Sensing technologies deployed in the workplace can collect detailed data about individual activities and group interactions that are otherwise difficult to capture. A hopeful application of these technologies is that they can help businesses and workers optimize productivity and wellbeing. However, given the inherent and structural power dynamics in the workplace, the prevalent approach of accepting tacit compliance to monitor work activities rather than seeking workers' meaningful consent raises privacy and ethical concerns. This paper unpacks a range of challenges that workers face when consenting to workplace wellbeing technologies. Using a hypothetical case to prompt reflection among six multi-stakeholder focus groups involving 15 participants, we explored participants' expectations and capacity to consent to workplace sensing technologies. We sketched possible interventions that could better support more meaningful consent to workplace wellbeing technologies by drawing on critical computing and feminist scholarship -- which reframes consent from a purely individual choice to a structural condition experienced at the individual level that needs to be freely given, reversible, informed, enthusiastic, and specific (FRIES).
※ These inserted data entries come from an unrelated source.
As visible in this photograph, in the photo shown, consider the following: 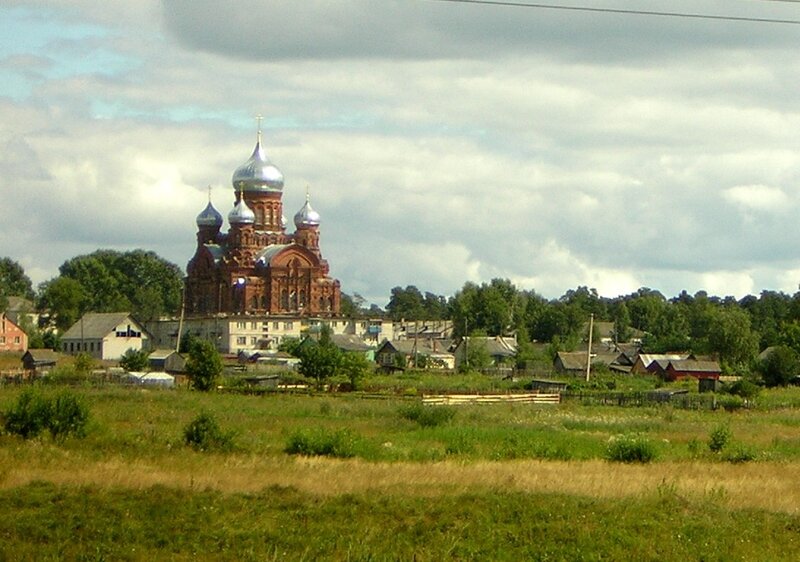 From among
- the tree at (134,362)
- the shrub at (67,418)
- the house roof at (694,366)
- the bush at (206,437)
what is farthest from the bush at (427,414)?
the house roof at (694,366)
The focus groups revealed that workers are vulnerable to meaningless consent -- dynamics that undo the value of data gathered in the name of "wellbeing," as well as an erosion of autonomy in the workplace. To meaningfully consent, participants wanted changes to how the technology works and is being used, as well as to the policies and practices surrounding the technology. Our mapping of what prevents workers from meaningfully consenting to workplace wellbeing technologies (challenges) and what they require to do so (interventions) underscores that the lack of meaningful consent is a structural problem requiring socio-technical solutions.
翻译:----
职场部署的感应技术能够收集难以捕捉的个人活动和群体互动等详细数据。这些技术可望帮助企业和工人优化生产力和福祉。然而,由于职场的固有和结构性权力动态,企业普遍接受默许的合规监测工作动态,而不是寻求工人的真实同意,因而引起了隐私和道德方面的担忧。本文探讨工人在同意职场福祉技术方面面临的一系列挑战。我们在六个利益相关者焦点小组中,邀请了15名参与者,利用一个假设案例引导他们进行了反思。我们探讨了参与者的期望和能力,以便同意职场感应技术。利用批判性计算和女性主义学术观点提出了可能的干预措施,将同意从纯粹的个人选择转变为结构条件,即在个体层面上需要自由给予、可逆、知情、热情和具有特定性。焦点小组揭示了工人容易同意毫无意义的方面,这种情况不利于收集数据目的中的“福祉”价值,同时也破坏了职场自主权。为了真正同意,参与者希望改变技术的工作方式和使用方式,以及技术周围的政策和实践。我们对阻止工人有意义地同意职场福祉技术的因素(挑战)和他们需要做的事情(干预)进行的映射,强调了缺乏有意义的同意是一个结构性问题,需要社技合一的解决方案。